Standing MRI – FAQ
What are the advantages and disadvantages of a Standing MRI?
In contrast to the high field system, a low field MRI examination can be performed on a standing, but sedated, patient. This avoids general anesthesia and the risks involved with laying a horse down for the procedure.
However, given the lower field of this MRI system, the quality of these images is not as good as with a high field system and some small/subtle lesions may not be able to be identified. Additionally, the patients have to be still for the exam and some horses, even while sedated, will move, flinch or sway which can produce artifact on the images and make it difficult or even impossible to interpret.
Does my horse need to be anesthetized for the Standing MRI?
No. The horses will be given a sedative to keep them relaxed and still during the procedure, but they will remain standing.Your horse’s sedation will be under the direction of an Animal Imaging veterinarian and Board Certified Anesthesiologist, Dr. Carrie Davis.
What is involved in preparing the horse for the MRI?
All horses will get a physical examination performed by an Animal Imaging veterinarian. An intravenous catheter will be placed in the jugular vein (neck) to administer the sedatives and fluids during the procedure. Both front (or hind) feet will have the shoes removed prior to the examination.
What areas can be imaged?
Prior to the MRI study, it is important to ensure that the region of interest has been localized by the referring veterinarian. Areas that can easily be imaged with the low field MRI include: the foot, pastern, and fetlock. Areas higher than the fetlock are more difficult to image and often have artifacts due to the location and motion artifact. If you areinterested in a carpus, tarsus or proximal suspensory ligament study, the referring veterinarian can call our office and we can offer advice regarding patient selection.
Can you image multiple areas of my horse?
A typical MRI study for a given area of anatomy (i.e., the foot from the toe to mid-pastern) often takes 1–4 hours depending on the site and cooperation of the patient. Therefore, we typically only perform 2 (maybe 3) sites on any given patient in one day.
What types of problems can you see with the standing MRI?
Regarding musculoskeletal problems, we can identify tendon and ligament injuries/tears (i.e. deep digital flexor tendon), inflammation or bruising of the bones, arthritis or degenerative disease of the joints, fractures, inflammation of the joints or synovial structures, and inflammation or damage to the areas around the joints/bones/tendons/ligaments, to name a few.

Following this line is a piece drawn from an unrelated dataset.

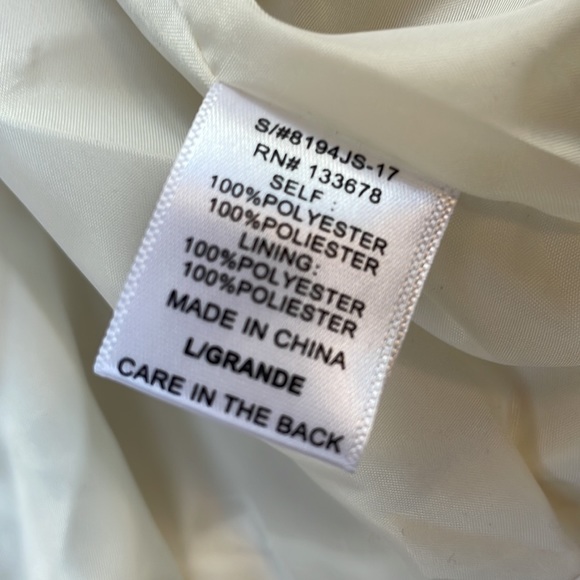 NWT White Faux Fur Soft Cozy Winter Jacket (Great for Holidays) Size Large - Picture 10 of 14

Why does a MRI exam take so long?
Typical MRI studies are made up of multiple “sequences” and hundreds to thousands of images, which include all parts of the anatomy in the area of interest. The different “sequences” provide different information about the structure and pathology of the areas imaged. The radiologists at Animal Imaging will be reviewing all the images as they are acquired and can design the MRI protocol during the examination according to the history and problems identified in each horse.
When will I get a report?
The radiologists will review each individual image and write a thorough and comprehensive report, with images of abnormalities, within 24-48 hours. Every effort is made to understand and rank the clinical significance of the imaging findings based on the history and clinical exam. The referring veterinarian will then use the information from the report to design a treatment/management plan.
How do I schedule an appointment?
A completed MRI referral form is required from the referring veterinarian, including any pertinent history related to the exam, before scheduling the MRI. This form is available on our website at www.animalimaging.net. Once a form is received, our front desk staff will call to schedule the appointment. Equine MRI exams are scheduled Monday thru Friday.

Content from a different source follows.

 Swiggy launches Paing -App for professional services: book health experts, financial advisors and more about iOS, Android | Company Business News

How do I prepare my horse for the exam?
Your horse can eat and drink as normal the morning of the examination, including having hay in the trailer during transport to the site.
What should I do with my horse after the examination?
Your horse can resume normal feed, water, and medications (if needed) when you get home, unless otherwise directed by the Animal Imaging veterinarians. The referring veterinarian will contact you after receiving the report and/or discussing the case with the Animal Imaging team. The referring veterinarian will be your source of contact should you have any questions about treatment or management of your horse.